Anonymous shopper or fist time logged in

How often do we train these recommenders?

Once both recommenders have been set up, they should then be ready to supply you with your recommendations. However, when new data is available such as when new users, items or interactions need to be added, there are several methods of how they can be added to the system.

For example, we can use the Amazon Personalize Kafka Connector to stream data in real time. However, if there is a large amount of historical records, the recommendation is to import the data in bulk, like what we did and then import the data individually as necessary.

Although available but not included in this demo, you can also stream real time interaction data using events, in particular the PutEvents operation, and the recommendations will reflect the data in real time. For example, we might want to update the model whenever a user adds items to the shopping cart, or when they check out their cart for payment.

How much does it cost to run, and how does it benefit me?

Let us estimate the setup and ongoing costs involved for the two recommenders we just added to our e-commerce application.
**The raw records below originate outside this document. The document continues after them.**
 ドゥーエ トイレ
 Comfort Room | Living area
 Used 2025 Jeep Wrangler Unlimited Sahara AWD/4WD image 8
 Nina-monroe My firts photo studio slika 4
Most of the costs involved are based on the amount of the time the recommender is running regardless of them serving recommendations or not.
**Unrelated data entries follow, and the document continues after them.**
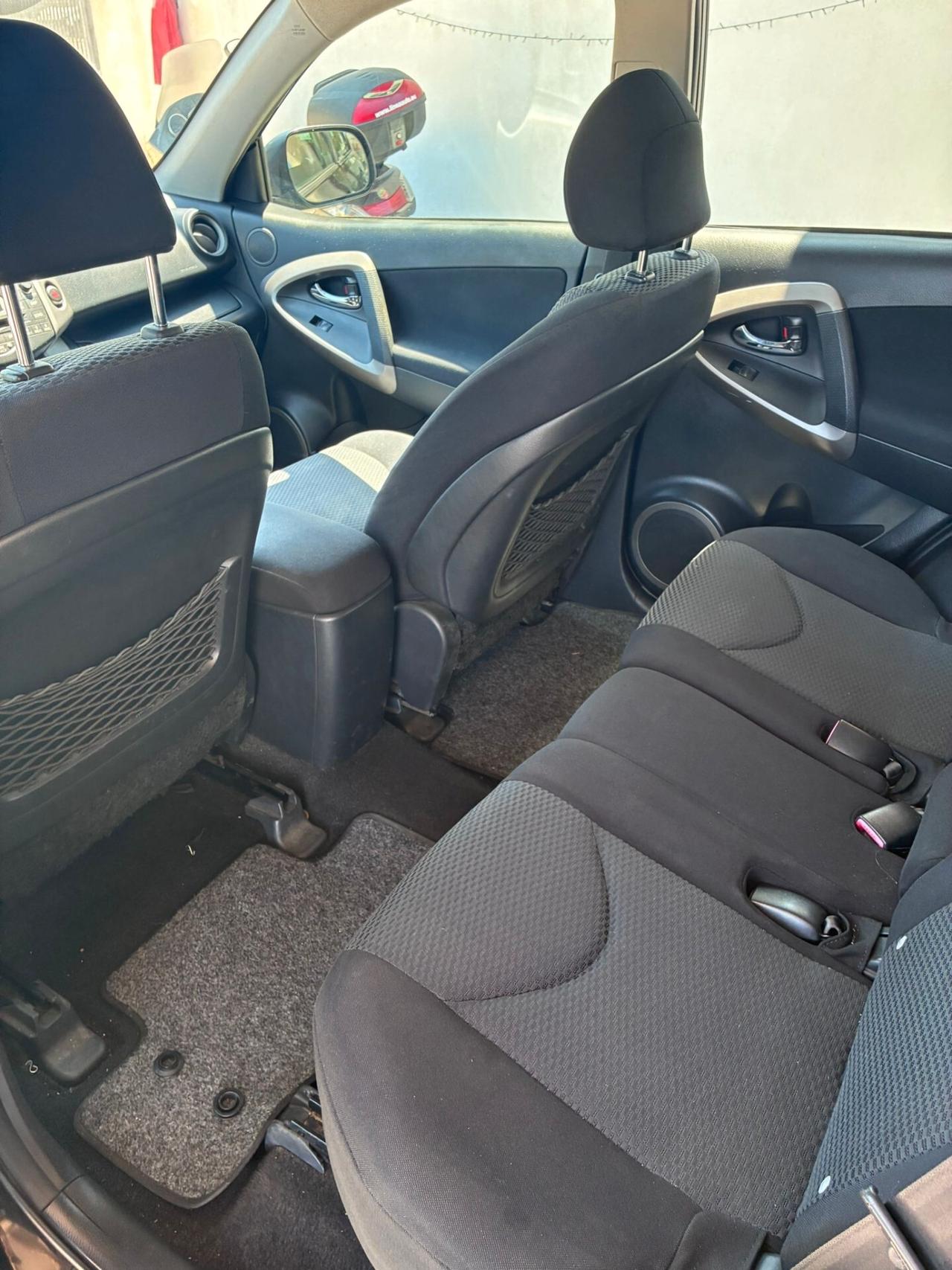 Toyota RAV 4 RAV4 2.2 D-4D 136 CV Luxury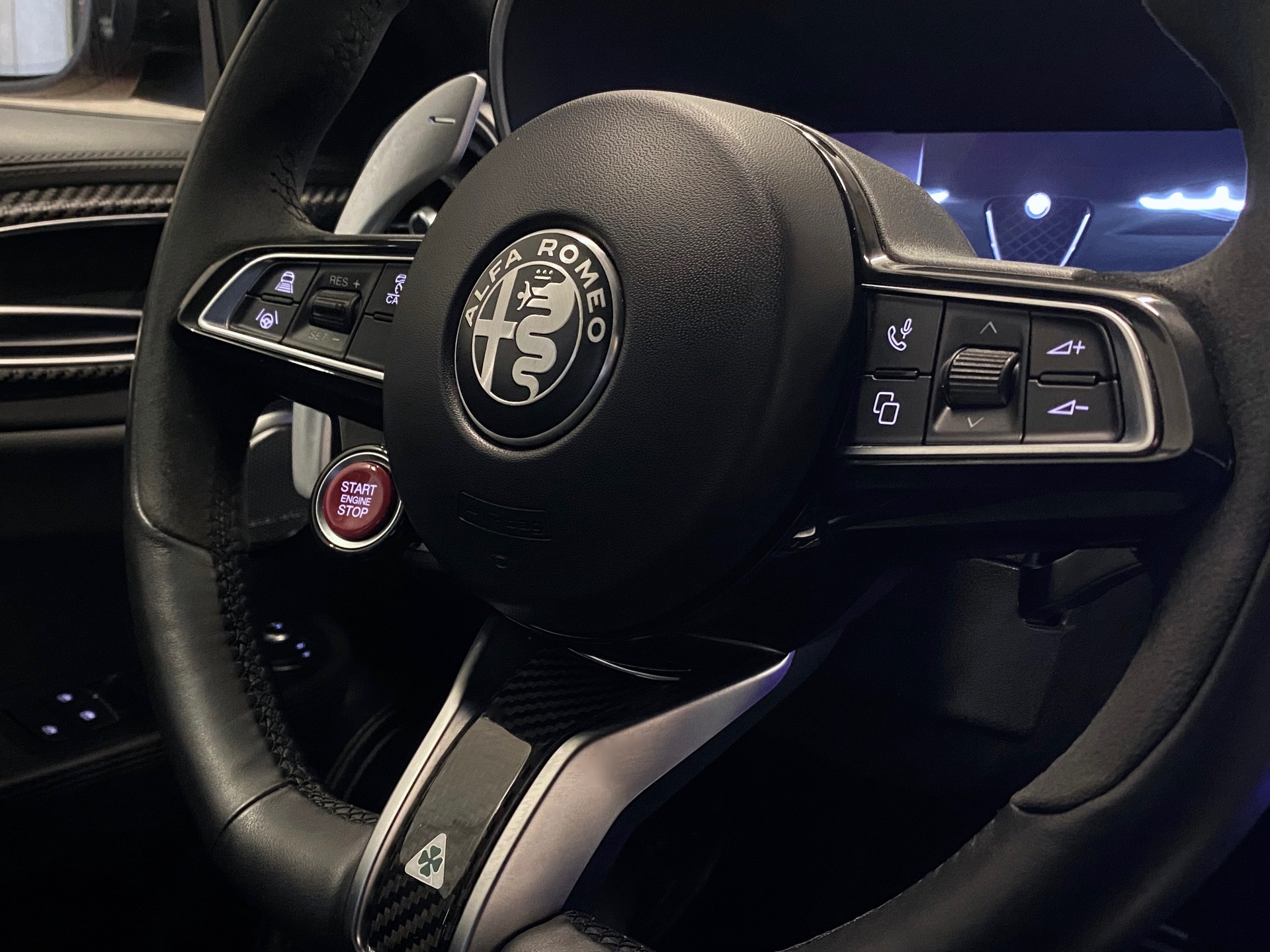ALFA ROMEO Giulia*2.9 V6*Quadrifoglio*-image-8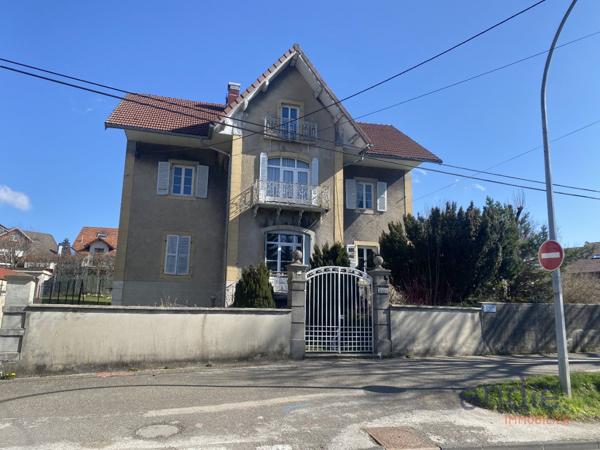 Elégante maison de Maitre, 11,pièces au centre ville de Morteau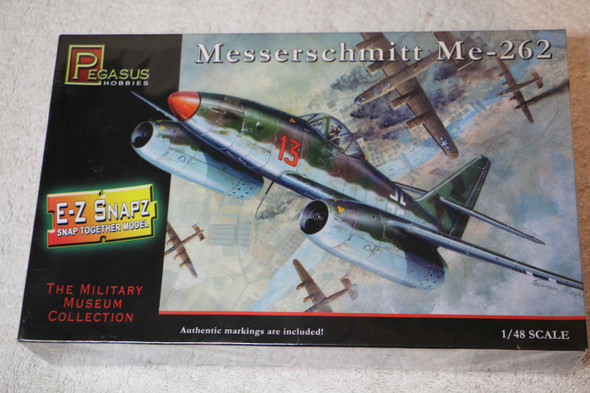 PMA8415 - Pegasus - 1/48 Messerschmitt Me 262 (E-Z Snapz)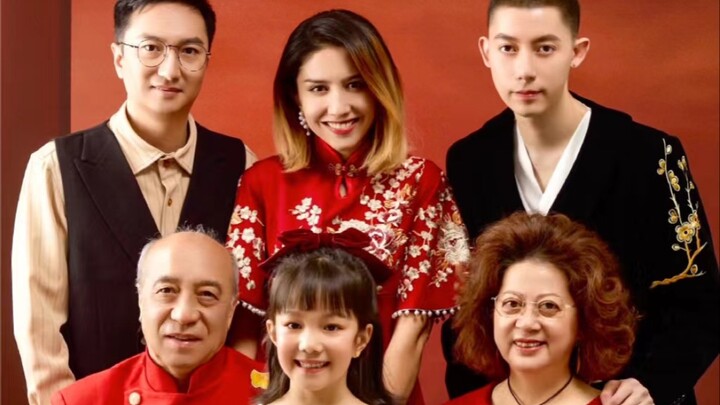 Cả nhà đều mang “gen Tân Cương”, cảm giác nhan sắc thế nào nhỉ? Năm mới rồi, chỉ mong cả nhà mạnh kh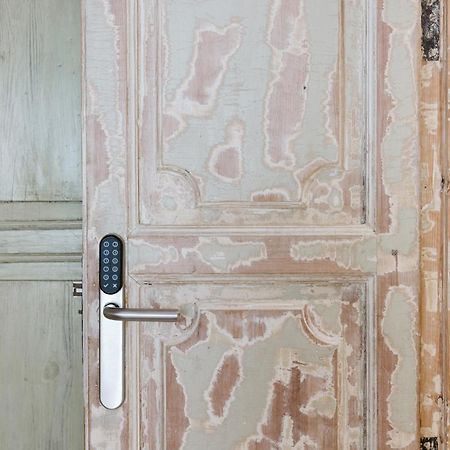 Ottoh Charm Stay Валенсия Екстериор снимка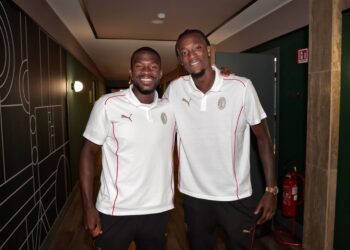 أبراهام توموري ميلان Tammy Abraham and Fikayo Tomori (AC Milan via Getty Images)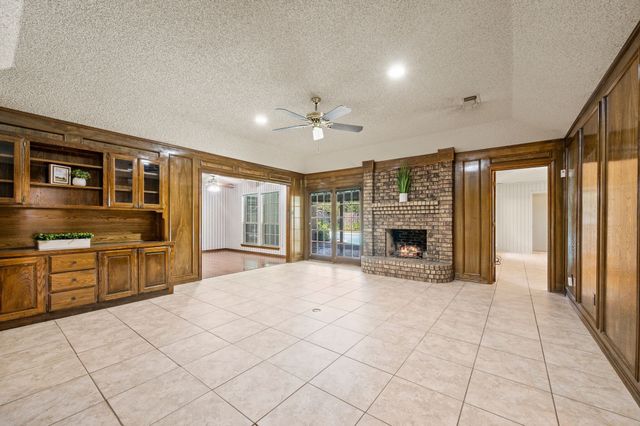 4321 Waycross Drive, Arlington, TX 76016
Here is a rough and conservative estimate using AWS Cost calculator for Personalize for each recommender, assuming a data ingestion of 1GB a month, 6,000 users, running 720 hours (24 hours, 7 days a week), and not going over the included free recommendations. One recommender per month costs USD 270.05, and USD 540.10 monthly for both.
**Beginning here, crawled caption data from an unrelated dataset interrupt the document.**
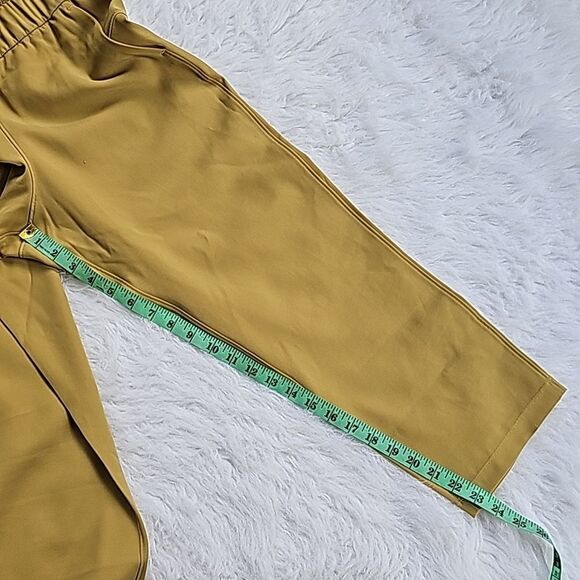 Lululemon On the Fly Crop Pants *Woven 23" Vintage Gold Yellow Mustard Size 6 - Picture 11 of 12
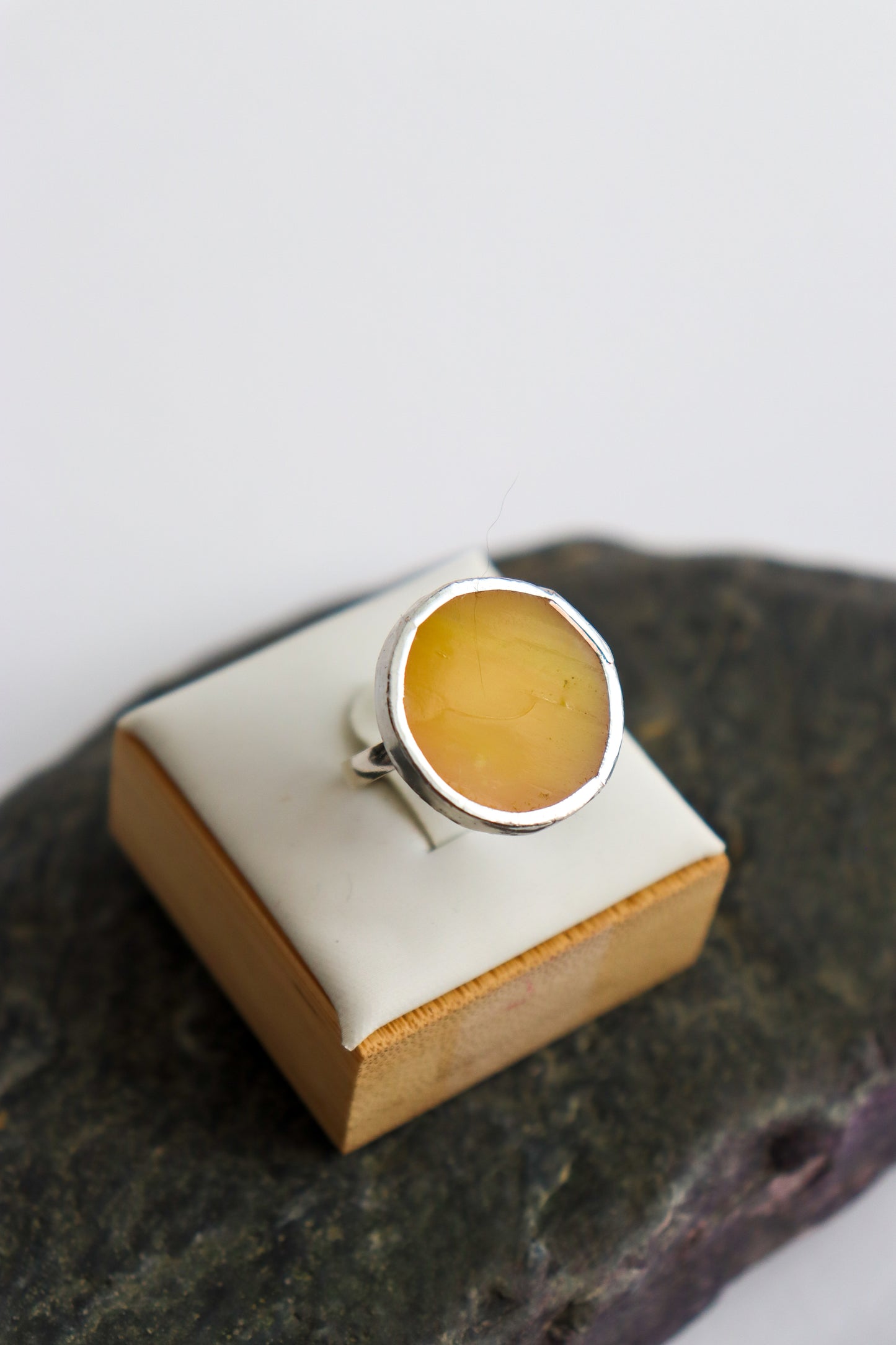 Yellow circle rings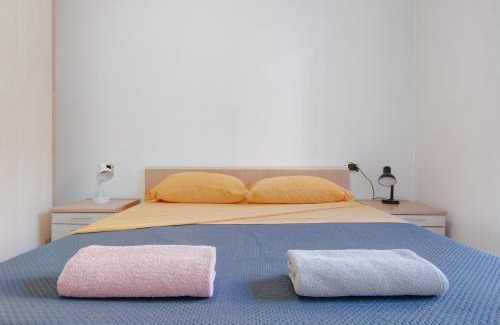 Lierna House | Discover Casa Lierna: Family & Pet Friendly Retreat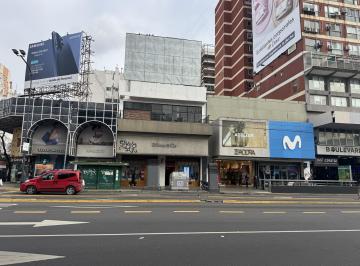 Local comercial · 780m² · Cabildo y Juramento Local Unico 780 m² Mejor Vereda Publicidad en Primer Piso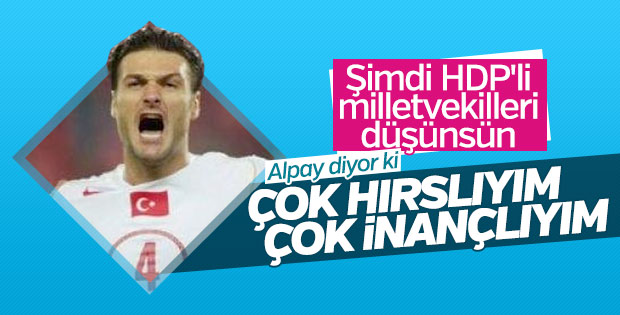 Alpay Özalan Meclis'e kayıt oldu 'hırslıyım' mesajı verdi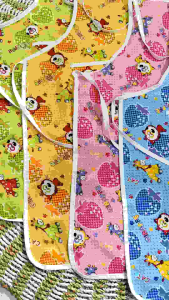 Apron Masak Celemek Motif Karakter Gemoy Bahan Katun 75x50 cm Ada Saku Apron Masak Dewasa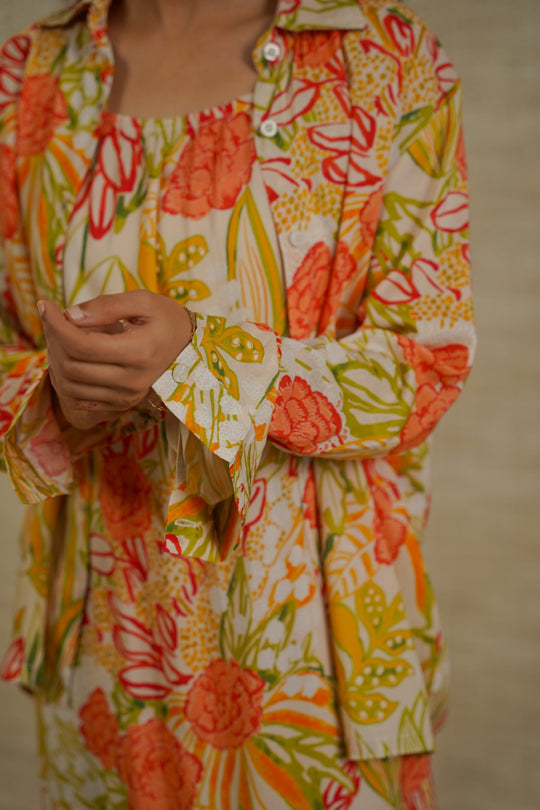 CORAL GARDENIA BUTTON DOWN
Using the general understanding that using recommender systems lead to somewhere between 10% to 25% increased revenue, if your revenue is $200,000 per month pre-recommendations, you can expect from $20,000 to $50,000 sales monthly uplift if you opted to use recommendations similar to what we did in this article.

For a recommender system that runs by itself, ingests data on the fly, re-trains automatically, where you don’t need to employ your own data science and machine learning team, and finally contributes more to your bottom line, AWS presents really great value here and is worth your consideration.

Cost / Benefit analysis

Please see the current pricing chart for more details.

Conclusion

We’ve come to the end of our whirlwind introduction to recommender systems, where we’ve explored the high-level AI service in Amazon Personalize. However, we’ve only scratched the surface as this powerful service offers many more features.

For companies with limited resources, or organisations who want to extract value quickly, or when you want something out of the box, Amazon Personalize can be a viable option. With Personalize, we can easily bring machine learning-based personalization to existing e-commerce applications. By ingesting our own user, item, and interaction data, and building recommenders that seamlessly integrate into our codebase, we can create a fully managed recommender system that delights our customers and boosts our bottom line.

However, it’s important to note that while Amazon Personalize is a powerful AI service, it’s still a black box algorithm. It may not cover all specialised use cases, and building a custom recommender system from scratch might be necessary in these cases. Nevertheless, for many e-commerce businesses, high level AI services like Amazon Personalize offer the quickest way to derive value by using machine learning to solve real business problems.